HOW TO COMPLETE THIS TASK
For this exercise, the lines from the one with "School gardens or" through the final line of the data below are to be transcribed exactly, and pictures are to be skipped.

DATASET EXTRACT

++++++++

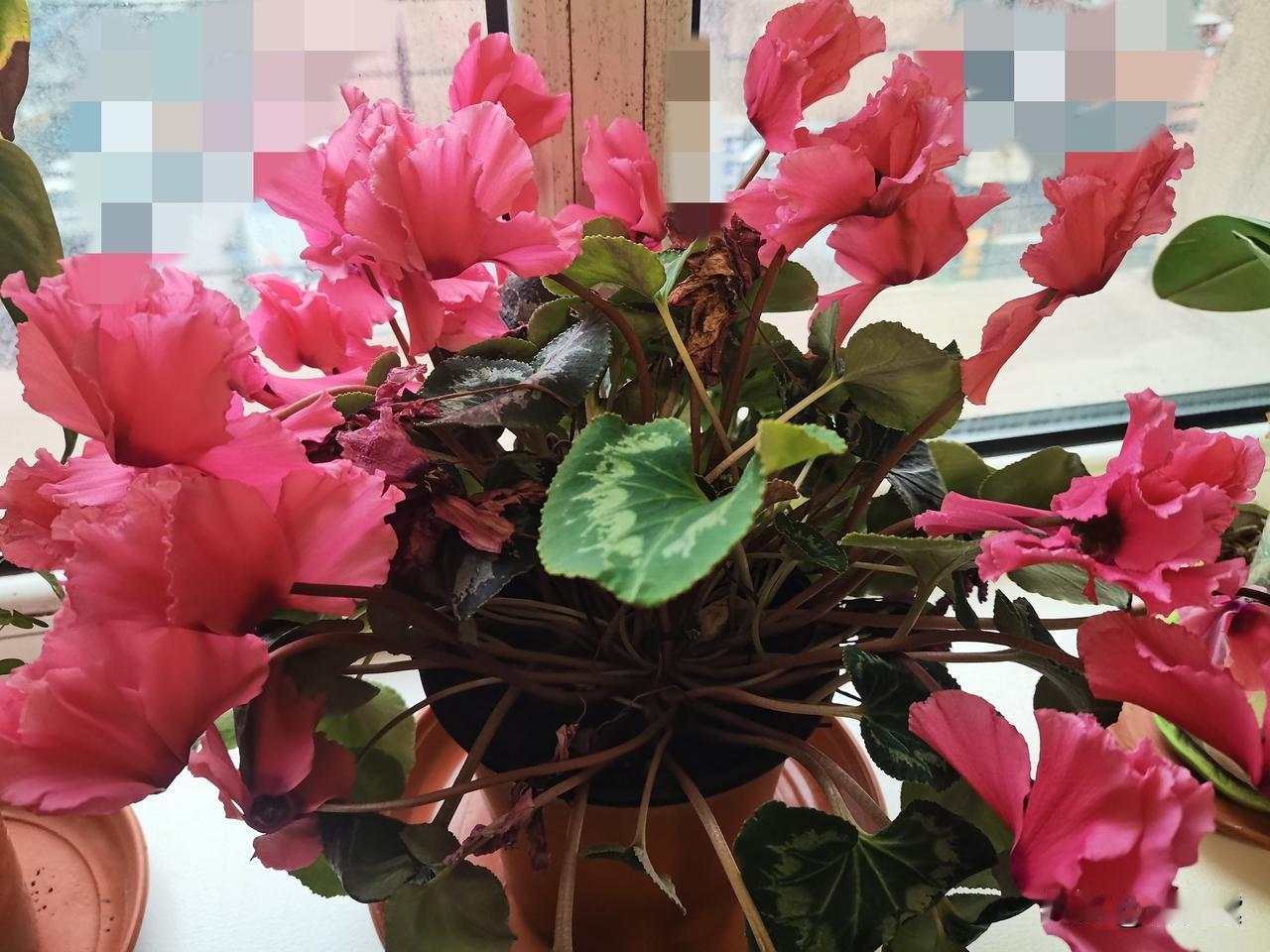 我这勤劳的老蜜蜂，晚上5点，去后院老妈家收拾屋子，尤其是次卧，换床单枕巾，迎接5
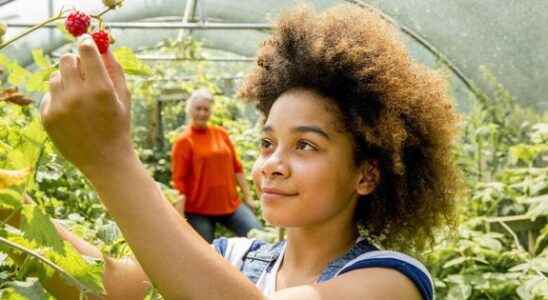 School gardens or how to get your children to eat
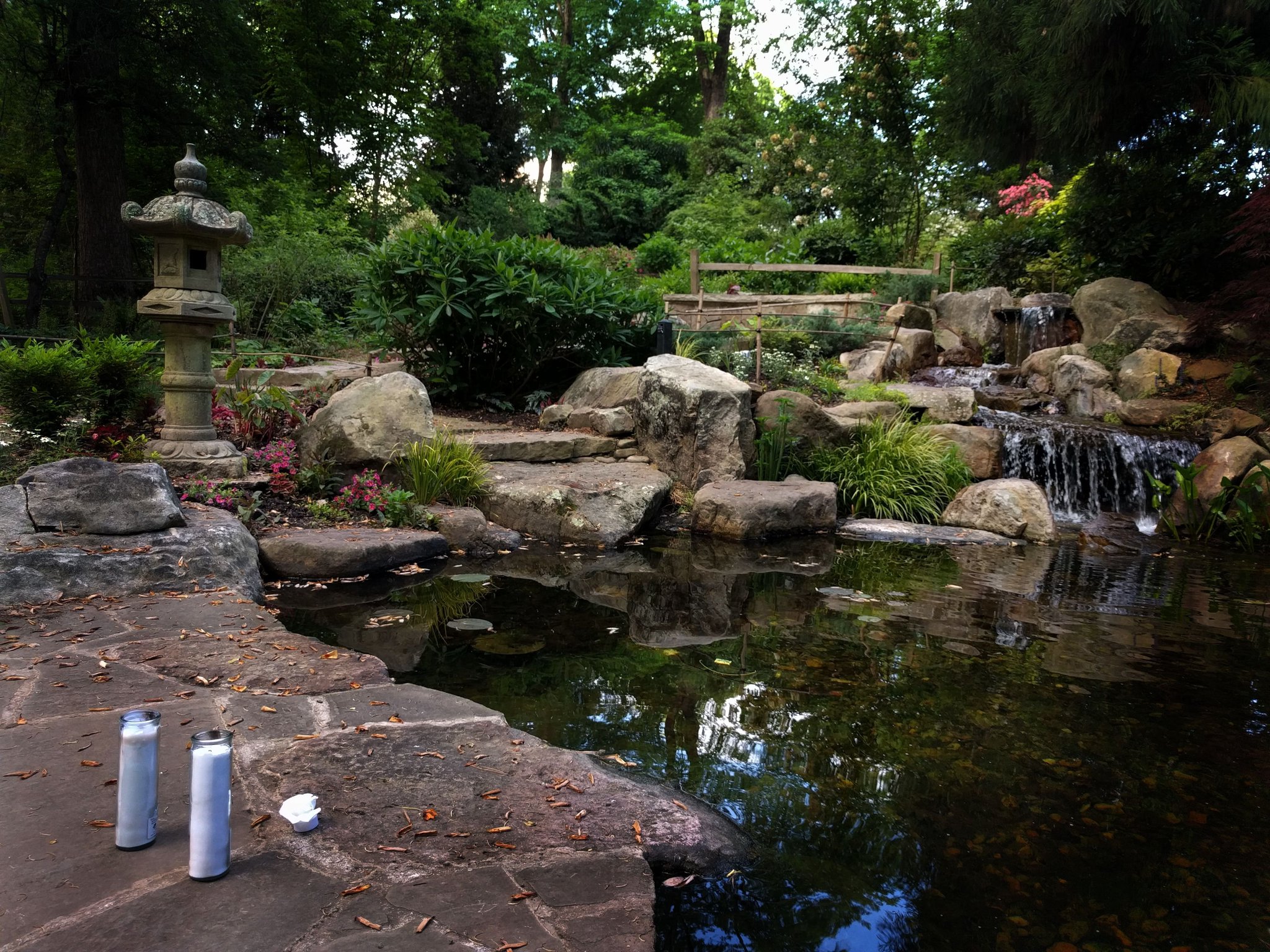 Unc Charlotte Botanical Gardens On Twitter The Gardens Will
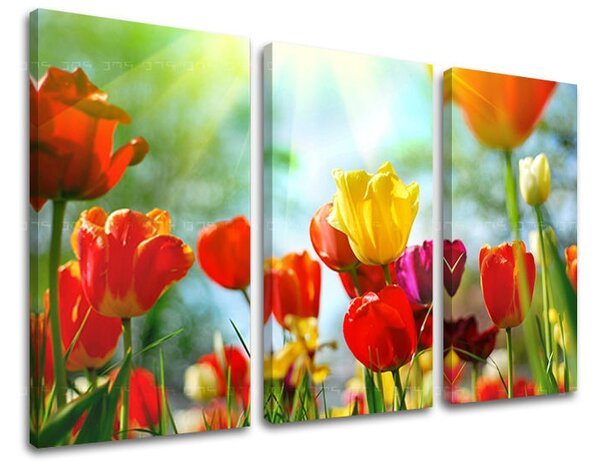 Obraz na stenu KVETY - 60x40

++++++++

RESULT OF THIS EXERCISE
 School gardens or how to get your children to eat
 Unc Charlotte Botanical Gardens On Twitter The Gardens Will
 Obraz na stenu KVETY - 60x40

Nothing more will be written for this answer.